Dios los cría y ellos se juntan. En Cataluña, el dios Pujol los parió, Artur Mas los arrejuntó, Puigdemont y su socia Carmen Forcadell los revolucionaron, la jueza Lamela los dispersó y el magistrado Llanera los amansó. Descabezados, en su diáspora por tierras belgas y madrileñas, eligieron de la última camada, al presidente del Parlament. En su discurso de aceptación saltó la sorpresa al indicar que su «objetivo primordial era buscar el entendimiento y el diálogo en esa Cámara» y que «quería contribuir a coser la sociedad catalana». «Apunta maneras», dijo Iceta, del PSC y en la Moncloa calmó al jefe del Ejecutivo ya que «al menos las cosas no han empeorado». Sólo la leoparda de Arrimadas le vio las orejas al lobo vestido de oveja xisqueta.

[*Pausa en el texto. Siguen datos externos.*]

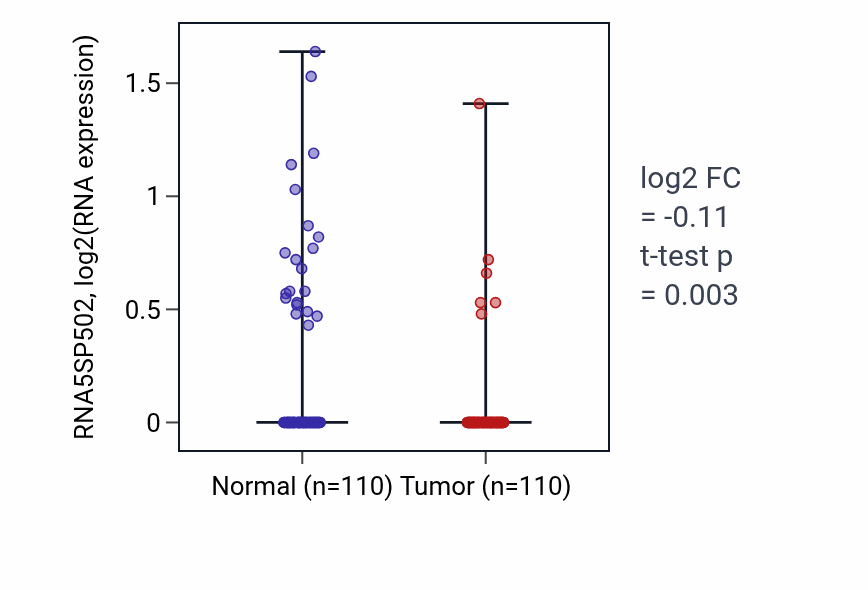 Tumor-vs-normal expression box plot for RNA5SP502 in BRCA.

Días después, cuando Torrent, desde su despacho, en el acto oficial de la proclamación del candidato a la Presidencia de la Generalitat catalana apareció con la bandera autonómica a sus espaldas cometió, presuntamente, su primer delito ya que el art. 4.2 de la Constitución establece que «los Estatutos podrán reconocer banderas y enseñas propias de las comunidades autónomas. Estas se utilizarán junto a la bandera de España en sus edificios públicos y en sus actos oficiales». Y la Ley 39/1981, de 28 de octubre, establece que una bandera autonómica, en un edificio o en un acto oficial, jamás puede estar sola. Si los que actualmente mandan en Cataluña con el artículo 155 son incapaces de aplicar la citada ley -«Las autoridades corregirán en el acto las infracciones de esta Ley, restableciendo la legalidad que haya sido conculcada», ¿son también presuntos? Salvador Ruiz Gómez. València.